**DATA TO PROCESS**

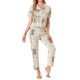thumbnail image 2 of INSPIRE CHIC Conjunto de Pijama para Mujer con Botones, Estampado Floral de Tencel, Manga Corta, Cuello con Muesca, Pantalones con Bolsillos, Talla L, Beige, 2 of 6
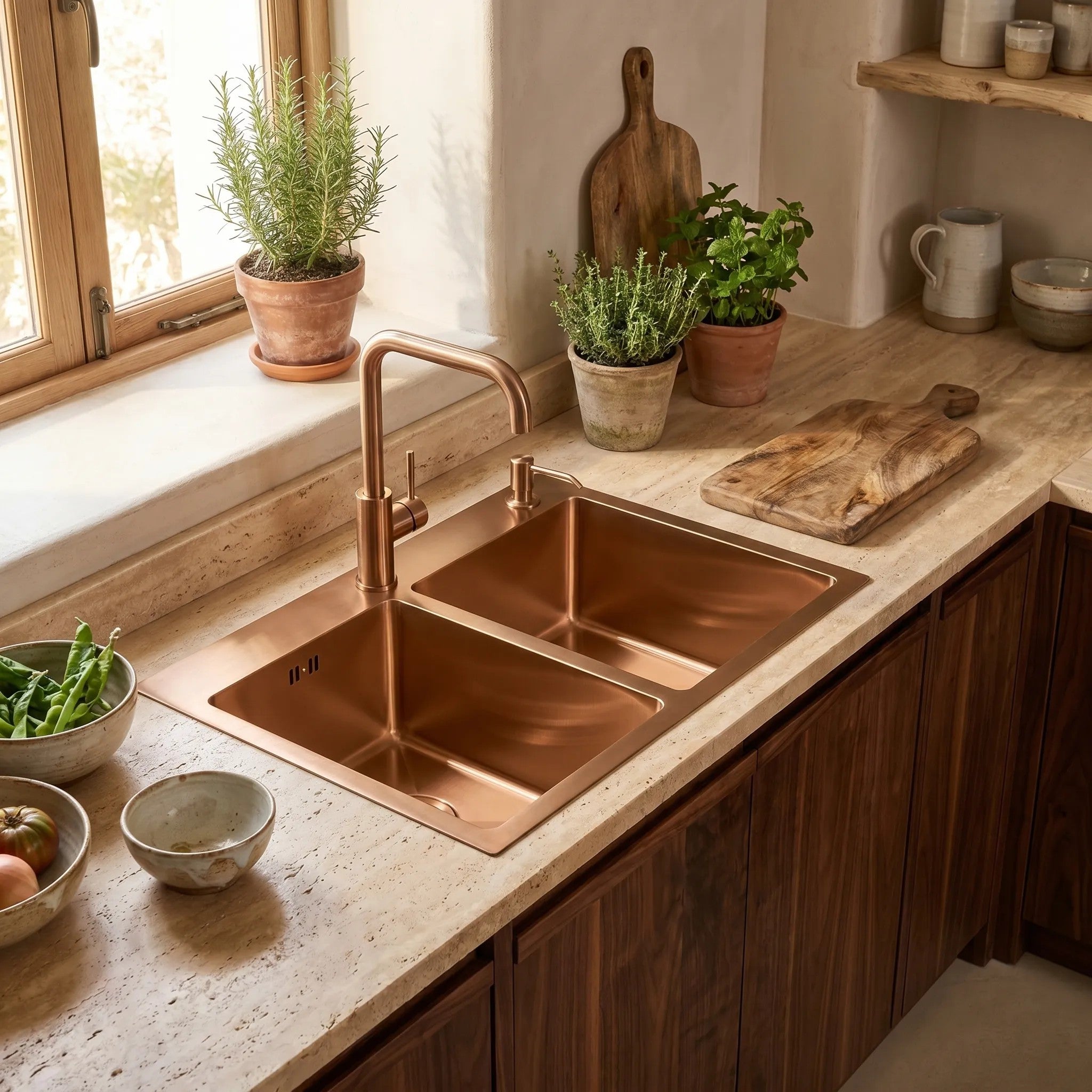 Acél Mosogatótálca Toby BRUSH COPPER Konyhai Csaptelep Nélkül 4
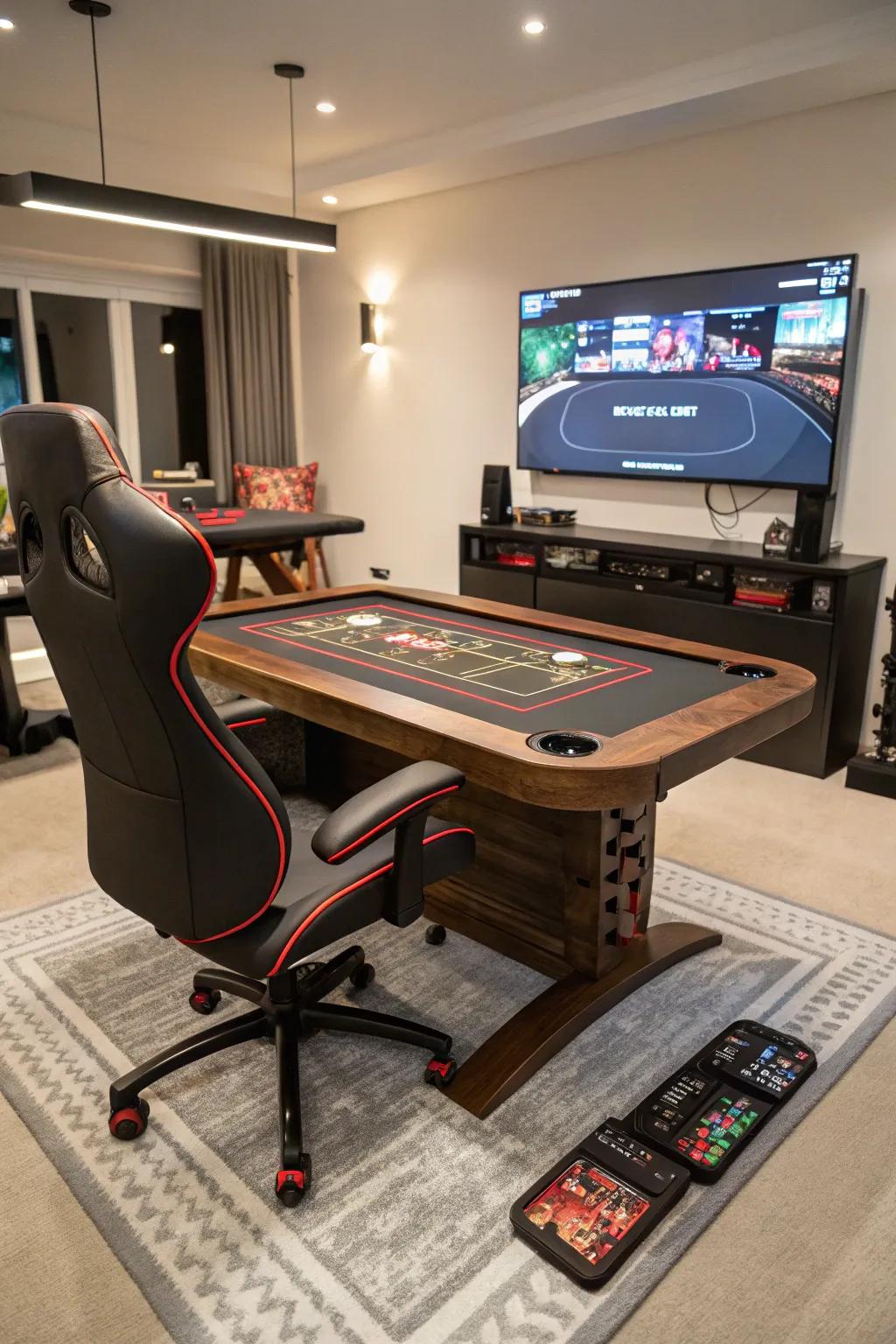 Custom furnishings tailored to fit the precise needs within the gaming lounge.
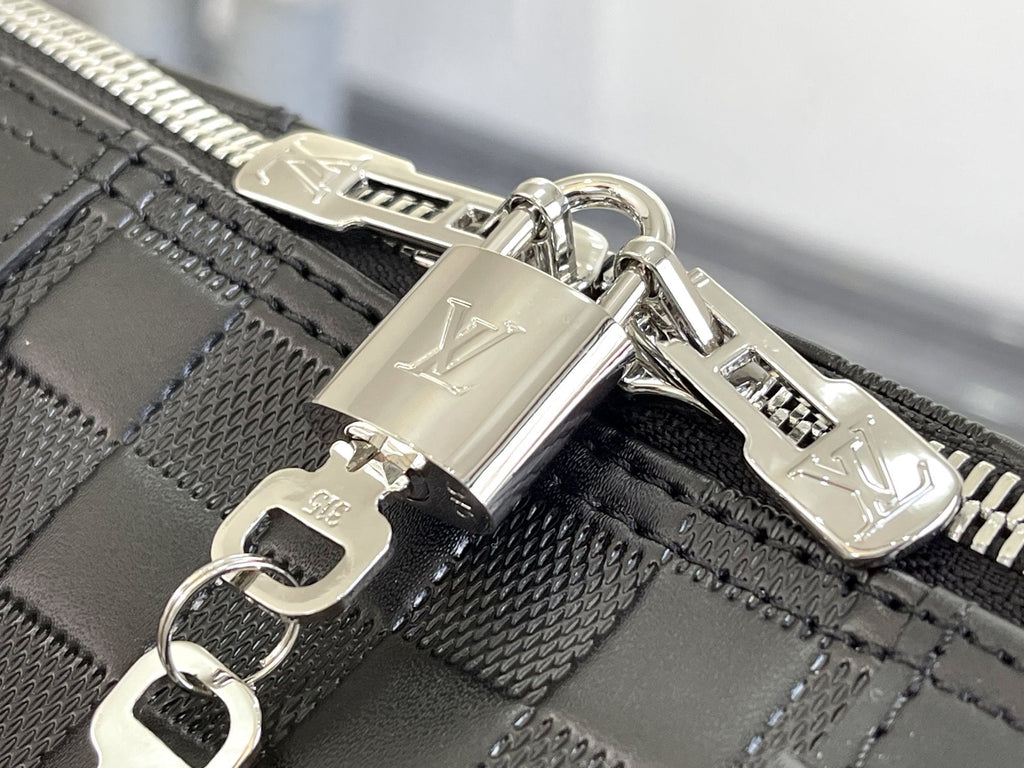 KEEPALL 45 BANDOULIERE NOIR EMPREINTE INFINI 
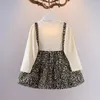 Девушка платья 2023 Осенний корейский стиль Маленький модный фальшивый два куска платья детская юбка с длинным рукавом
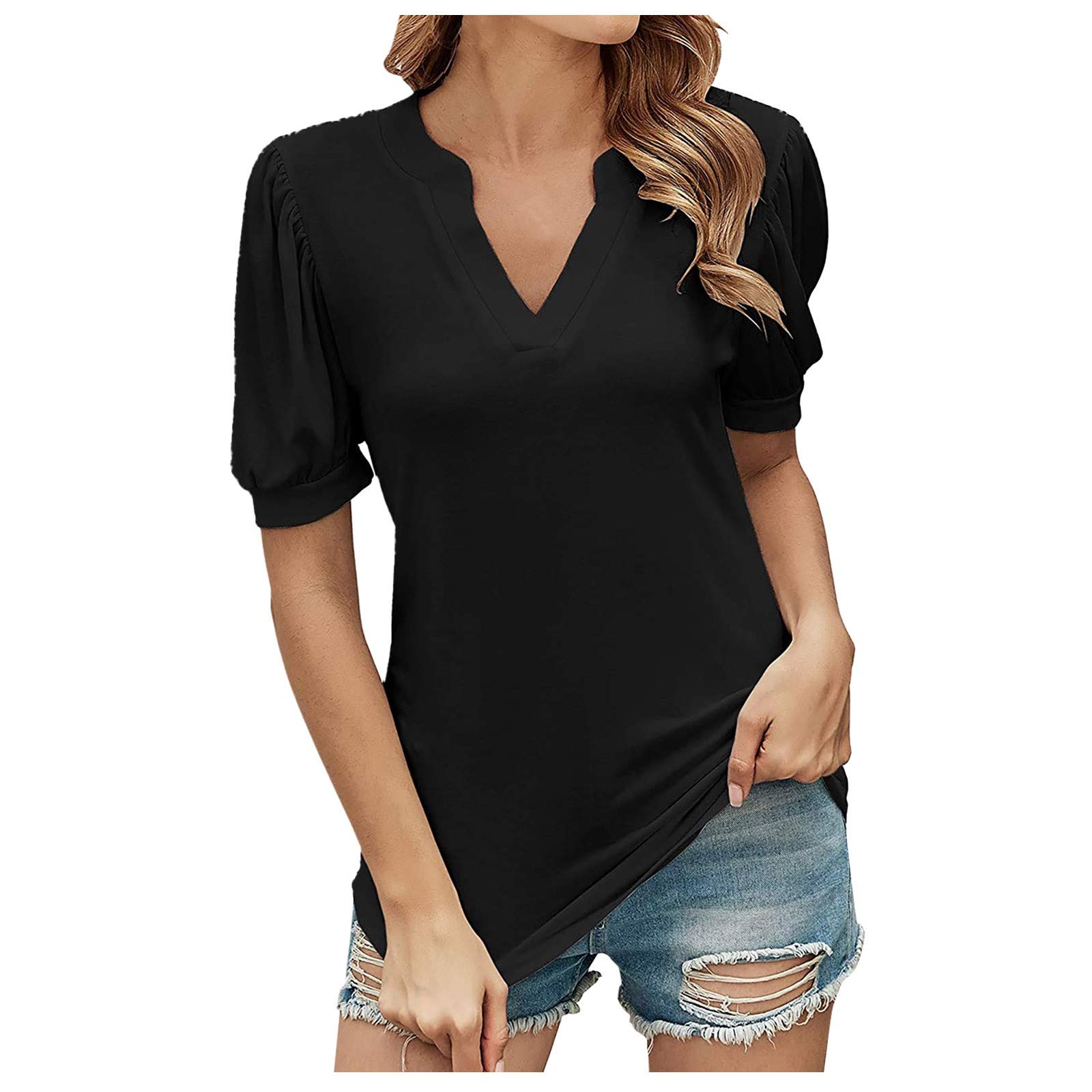 Women's Casual V-Neck T-Shirt - Loose Fit Puff Short Sleeve Tunic Blouse for Summer | Comfortable Everyday Wear, Beach Outings & Weekend Outfits
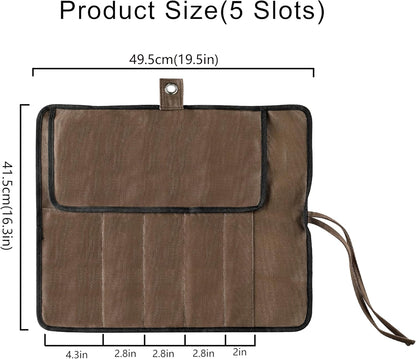 Chef’s Knife Roll Bag, Portable Canvas Cases, Chef Bag With 5 Slots Pockets Can Hold Kitchen Knife Tools Up To 15 Inch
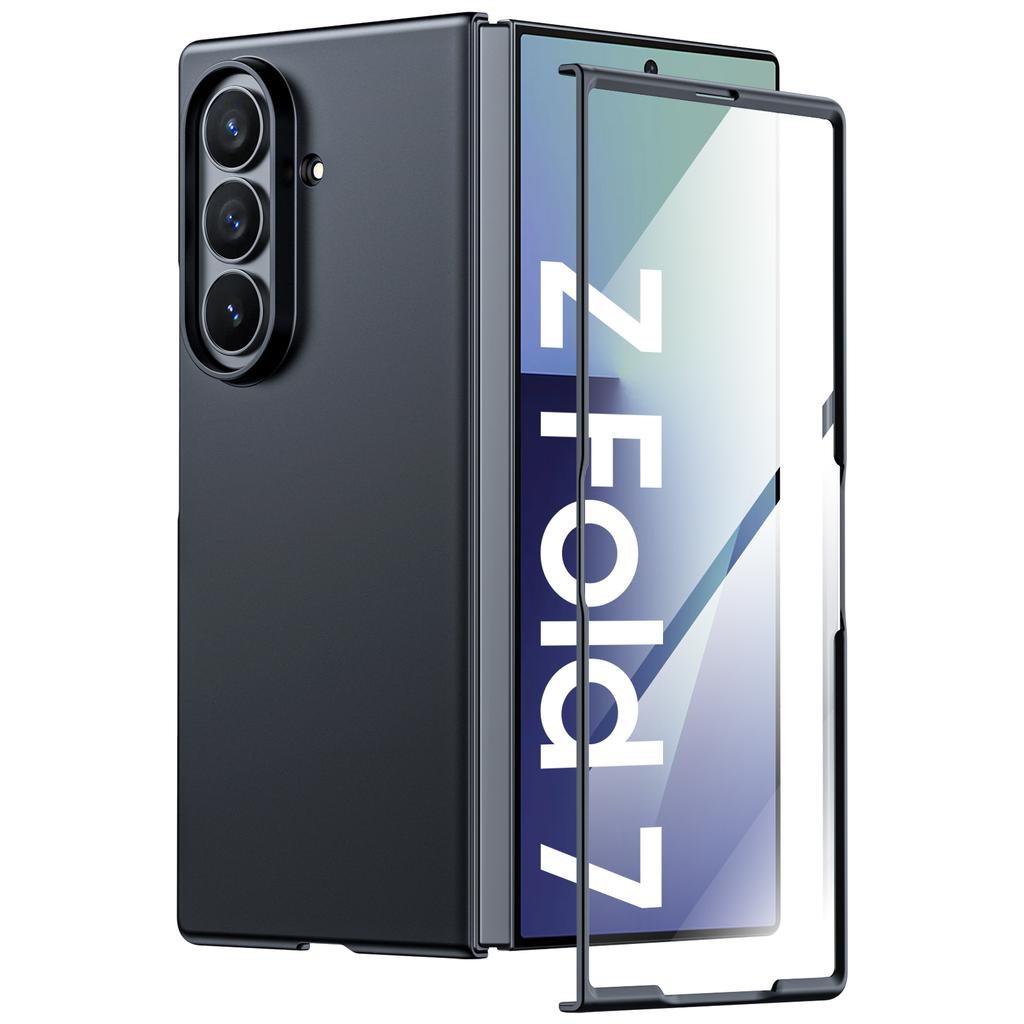 Slim Fit Case for Samsung Galaxy Z Fold 7, with Front Built-in Screen Protector, Ultra Thin Matte PC Protective Cover-Blue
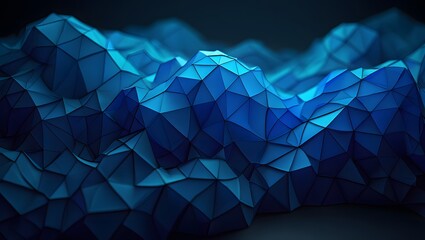 Abstract blue geometric landscape with sharp edges and glowing light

**WHAT YOU HAVE TO DO**
Copy out all the data exactly; skip the pictures.

**WORKED SOLUTION**
thumbnail image 2 of INSPIRE CHIC Conjunto de Pijama para Mujer con Botones, Estampado Floral de Tencel, Manga Corta, Cuello con Muesca, Pantalones con Bolsillos, Talla L, Beige, 2 of 6
 Acél Mosogatótálca Toby BRUSH COPPER Konyhai Csaptelep Nélkül 4
 Custom furnishings tailored to fit the precise needs within the gaming lounge.
 KEEPALL 45 BANDOULIERE NOIR EMPREINTE INFINI 
 Девушка платья 2023 Осенний корейский стиль Маленький модный фальшивый два куска платья детская юбка с длинным рукавом
 Women's Casual V-Neck T-Shirt - Loose Fit Puff Short Sleeve Tunic Blouse for Summer | Comfortable Everyday Wear, Beach Outings & Weekend Outfits
 Chef’s Knife Roll Bag, Portable Canvas Cases, Chef Bag With 5 Slots Pockets Can Hold Kitchen Knife Tools Up To 15 Inch
 Slim Fit Case for Samsung Galaxy Z Fold 7, with Front Built-in Screen Protector, Ultra Thin Matte PC Protective Cover-Blue
 Abstract blue geometric landscape with sharp edges and glowing light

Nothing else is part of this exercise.